The Global-Investor Book of Investing Rules: Invaluable Advice from 150 Master Investors

Paul Ormerod

Paul Ormerod is a founding director of Volterra Consulting which calls on the skills of economists, mathematicians, physicists and statisticians to find innovative solutions to a wide range of business issues.

Books

The Death of Economics , Faber & Faber, 1995

Butterfly Economics , Faber & Faber, 1998

Rules for sceptical investors

  1. Be sceptical of macro-economic forecasts.

    They only seem to work when everything is quiet. Forecasters have a very bad track record in predicting genuine booms and slumps. They sometimes fail to forecast a recession even when it has actually started.

  2. Be sceptical of anyone who claims to predict interest rates or exchange rates.

    One of the most well established facts about markets is that these cannot be forecast over time with any useful degree of accuracy - if they could, we'd all be millionaires.
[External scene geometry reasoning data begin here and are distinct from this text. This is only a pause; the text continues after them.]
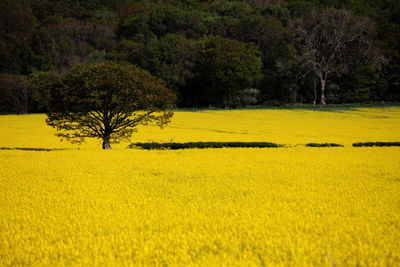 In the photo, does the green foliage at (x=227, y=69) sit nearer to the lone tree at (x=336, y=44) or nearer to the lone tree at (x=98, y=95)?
the lone tree at (x=336, y=44)

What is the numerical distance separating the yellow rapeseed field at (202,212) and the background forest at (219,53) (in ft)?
160

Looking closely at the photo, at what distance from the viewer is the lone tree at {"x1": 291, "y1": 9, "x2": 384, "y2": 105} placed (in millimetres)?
59031

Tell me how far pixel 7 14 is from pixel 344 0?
80576 mm

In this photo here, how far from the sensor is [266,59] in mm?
72062

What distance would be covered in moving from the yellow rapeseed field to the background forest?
48.9 metres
  3. Be sceptical of arguments that just because an interest rate/exchange rate is high, it is more likely to fall than to rise.
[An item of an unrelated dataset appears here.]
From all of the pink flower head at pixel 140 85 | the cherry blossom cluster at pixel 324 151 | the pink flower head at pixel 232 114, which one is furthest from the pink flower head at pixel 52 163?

    At some point, the Euro will certainly rise against the dollar, but people have been predicting a rise ever since it fell after its launch in Jan 1999. At any point in time, a rise is as likely as a fall, no matter what the level is.

  4. Be sceptical of track records.

    There are so many funds and forecasts that at any point in time, someone has to have done well/been right. With enough monkeys in the room, one of them will type out Hamlet. But it doesn't mean the same monkey will then go on to write Macbeth.
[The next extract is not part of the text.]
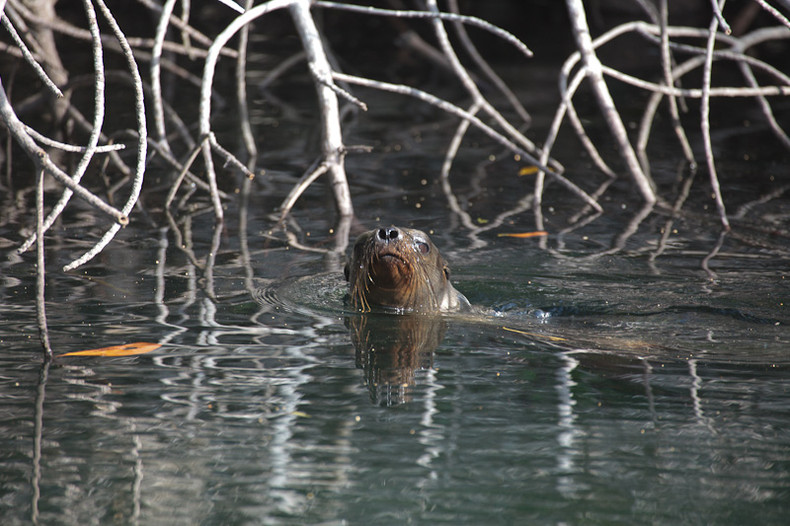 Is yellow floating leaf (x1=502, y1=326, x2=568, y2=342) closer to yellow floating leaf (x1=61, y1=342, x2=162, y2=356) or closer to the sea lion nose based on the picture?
the sea lion nose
  5. Be sceptical of analysts' reports on companies.

    They usually know no more than a well informed reader of the quality business press. Monitor the press with a bit more care for a while, and see for yourself how many times analysts predict profit warnings in advance, and how many times they simply re-write the company's press release.

  6. Be sceptical of dynamic, new CEOs modernising and transforming the core elements of a business.

    Most people think that this improves a company's prospects. It might do eventually, but companies going through major changes actually experience increased risk of failure.

  7. Be sceptical of arguments that sheer size reduces a company's vulnerability to new competition.

    The tendency to believe that the powerful will always be powerful is very deep seated. The Soviet Union looked invulnerable, but disintegrated in the space of a few years . The same applies to companies. IBM looked to have a lock on computer markets, but almost went under. Even in much more staid markets such as retailing , successful companies can implode quickly.

  8. Investment is about risk management not prediction.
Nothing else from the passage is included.